Top

Mistry's removal was 'necessary' for future success: Ratan Tata

The decision to change the leadership of Tata Sons was a well-considered and serious one for its board members.

Mumbai: As ousted Tata Group Chairman Cyrus Mistry stepped up attack, Ratan Tata on November 1 hit back saying his removal was "absolutely necessary" for the future success of the Tata Group.

"The decision to change the leadership of Tata Sons was a well-considered and serious one for its board members. This difficult decision, made after careful and thoughtful deliberation, is one the board believes was absolutely necessary for the future success of the Tata Group," the interim chairman wrote to employees of USD 100 billion Group.

The letter came shortly after Mistry ratcheted up war of words by rebutting "insinuations" of mishandling a dispute with Japan's NTT DoCoMo, saying Ratan Tata was party to all decisions regarding the telecom venture.

Tata, 78, who retired as Tata Group Chairman nearly four years back, justified his return for "maintaining stability and continuity of leadership" and promised to give the group "a world-class leader" when a fulltime boss is appointed.

Earlier in the day, Mistry's office issued a statement saying all decisions on the telecom joint venture with DoCoMo and the following dispute were taken with unanimous approval of Board of Tata Sons as well as family patriarch Ratan Tata.

The handling of the USD 1.17 billion compensation slapped by an arbitration panel over breach of agreement with DoCoMo is said to one of the triggers for Tata Sons sacking Mistry last month.

"Insinuations that the Docomo issue was handled under the watch of Mistry in a manner inconsistent with Tata culture and values are baseless. The suggestion that Ratan Tata and the trustees would not have approved of the manner in which the litigation was conducted is contrary to what transpired," the statement said.

Responding to the statement, a Tata group spokesman said: "The insinuations are being imagined and this (DoCoMo) matter is sub-judice."

Tata in his second letter to employees after the October 24 sacking of Mistry, said the Group companies should focus on their profit margins and their market position and not compare themselves to their own past.

"The focus has to be on 'leading' rather than 'following'," he wrote.

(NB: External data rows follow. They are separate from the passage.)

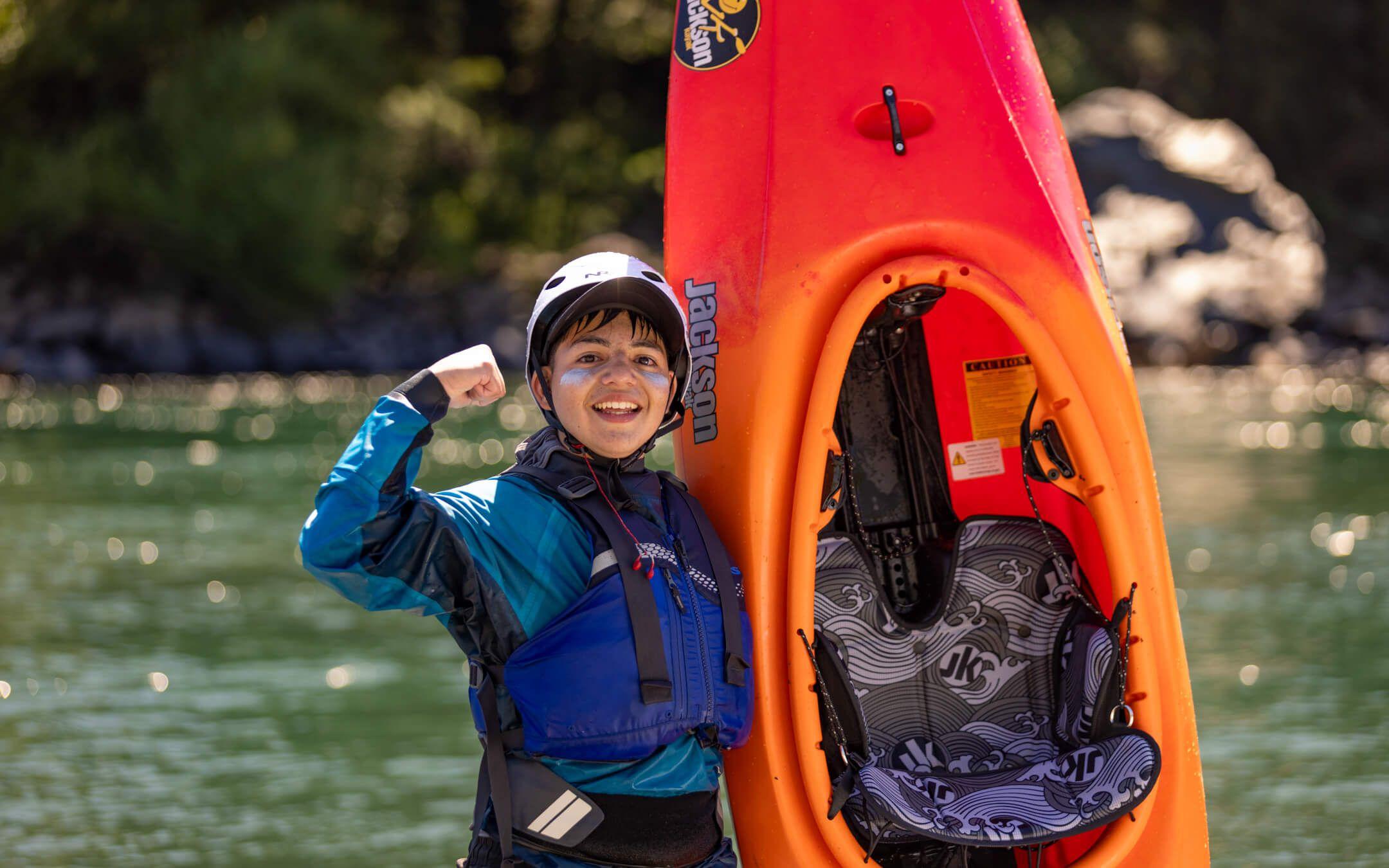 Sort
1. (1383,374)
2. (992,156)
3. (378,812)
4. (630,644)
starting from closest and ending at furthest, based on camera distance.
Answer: (630,644) < (992,156) < (378,812) < (1383,374)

Stating that he was excited to work with them once again, Tata in his letter to over 6.6 lakh employees sought to soothe them in the wake of high profile top level change and its subsequent public spat with Mistry.

"Your company and the Tata group are well served. The directors on your boards and the empowered leadership of your companies continue to serve with the same degree of passion and ethical commitment as they have done in the past," he wrote.

As a group, Tata continued, "we are steadfast in our resolve to maintain the Tata culture and value system that all of us have worked so hard to nurture over the decades."

Praising the spirit the employees, he said, "During its long history, the group has faced and overcome many challenges. Our employees have displayed their spirit at all times to create great companies that have delivered value to the shareholders."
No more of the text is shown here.